Tuesday, February 25, 2020

Terra Incognita: Untangling the Le Conte name

On this 1863 map, Mount Le Conte was still labeled as Bullhead. The name is hard to read over the terrain. Look closely above the K in SMOKY. The names for Clingmans Dome, Mount Mingus, Mount Guyot, Laurel Top, Snow Bird Mountain, and Max Patch were already settled by this time.

Joseph Le Conte in 1875
 When Marty Polk signed in at LeConte Lodge on Oct. 2, 2019, she left an intriguing comment in the logbook, identifying herself as a "distant niece of Joseph Le Conte."
 Joseph Le Conte was the namesake of Mount Le Conte, according to the U.S. Board on Geographic Names. However, he made no such claim in his autobiography, which casts doubts on the the government registry. We know that Joseph was not shy about putting his name on mountains, because his book uses the caption Le Conte Dome for Yosemite's South Dome, which is now known as Mount Starr King. (Thomas Starr King was a Unitarian preacher who was instrumental in the movement to establish Yosemite National Park.)
 The Tennessee mountain we call Le Conte was known as Walasi'yi or Mylegony to the Cherokee and Bullhead to early settlers, until Princeton professor Arnold Guyot renamed it sometime after his 1859 and 1860 expeditions to measure the Great Smoky Mountains. In hindsight, it appears that Guyot intended to honor Joseph's older brother, Professor John Le Conte. See this footnote by Ken Wise in the book Terra Incognita: An Annotated Bibliography of the Great Smoky Mountains.
While Guyot, Samuel Buckley, and Gen. Thomas Clingman explored the mountaintops of the Smokies, the scientifically trained Le Conte brothers were supposedly responsible for monitoring a stationary barometer in Waynesville, N.C., that was used to calibrate the summit measurements. 
 Apparently, Joseph was elsewhere. In his autobiography, Joseph never mentions Waynesville, Bullhead, nor the expeditions of Guyot, Buckley, and Clingman. He respected Professor Guyot on an academic level and described him as "a lifelong friend," so if he had been involved in this project, he certainly would have mentioned it. 
 In 1858, at age 35, Joseph wrote that he climbed "Black Mountain (Mount Mitchell)*, the highest peak in the Appalachians, 6,710 feet high." If it was a clear day, he might have seen Bullhead 66 miles west. If not, then he probably never laid eyes on the mountain that made him famous. Since he spent the summer of 1858 in the N.C. mountains, it is possible that he had a role in Buckley's survey, which measured Bullhead at 6,670 feet.
John Le Conte
 In 1859, Guyot measured Bullhead at 6,613, missing the modern standard of 6,593 by just 20 feet. Meanwhile, Joseph Le Conte said he spent most of that year in Columbia, S.C.
 The Le Conte brothers were from a Hugenot family who fled from France because of religious persecution. John Le Conte (1818-1891) and Joseph Le Conte (1823-1901) were raised on a rice plantation in coastal Georgia. Both graduated from Franklin College (the forerunner of the University of Georgia) and earned MD's in New York. They taught at South Carolina College during the Civil War era and moved west in 1869, when John became the first president of the University of California.
 Joseph became a professor of geology and was a charter member of the Sierra Club along with his friend John Muir. You'll find Joseph's name on 13,930-foot Mount Le Conte in California, the Le Conte Glacier in Alaska, and Le Conte Falls in Yosemite. Because he was a slaveowner, his name was removed in 2016 from Yosemite's Le Conte Memorial Lodge (now known as the Yosemite Conservation Heritage Center.
 His son Joseph Nisbet Le Conte (1870-1950) succeeded Muir as president of the Sierra Club in 1915 and was noted for his maps and photographs, which caught the eye of Ansel Adams.

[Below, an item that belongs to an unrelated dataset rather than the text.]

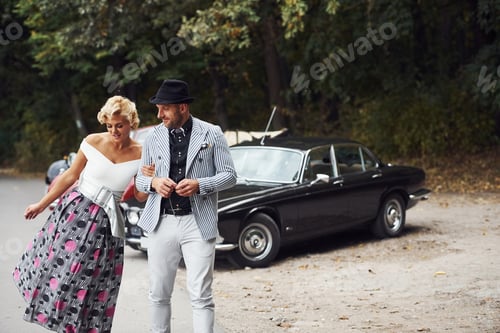 Preview: Beautiful couple in old fashioned wear near retro car with forest at background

Le Conte means "the tale." The Le Conte brothers usually spelled their name with a space, which is how Mount Le Conte is labeled on USGS topographic maps and registered with the U.S. Board on Geographic Names. However, the space is often omitted in modern usage, such as the name of Tennessee's LeConte Lodge. I've chosen to keep the space in the name of this blog.

* The name of Mount Mitchell was not settled until after Dr. Elisha Mitchell was buried on the summit in 1858. The official elevation is now 6,684 feet. Dr. Mitchell measured it in 1835 at 6,476—proving that North Carolina outranked New Hampshire (Mount Washington was listed as 6,234 then and 6,288 now) as the highest point in the eastern U.S.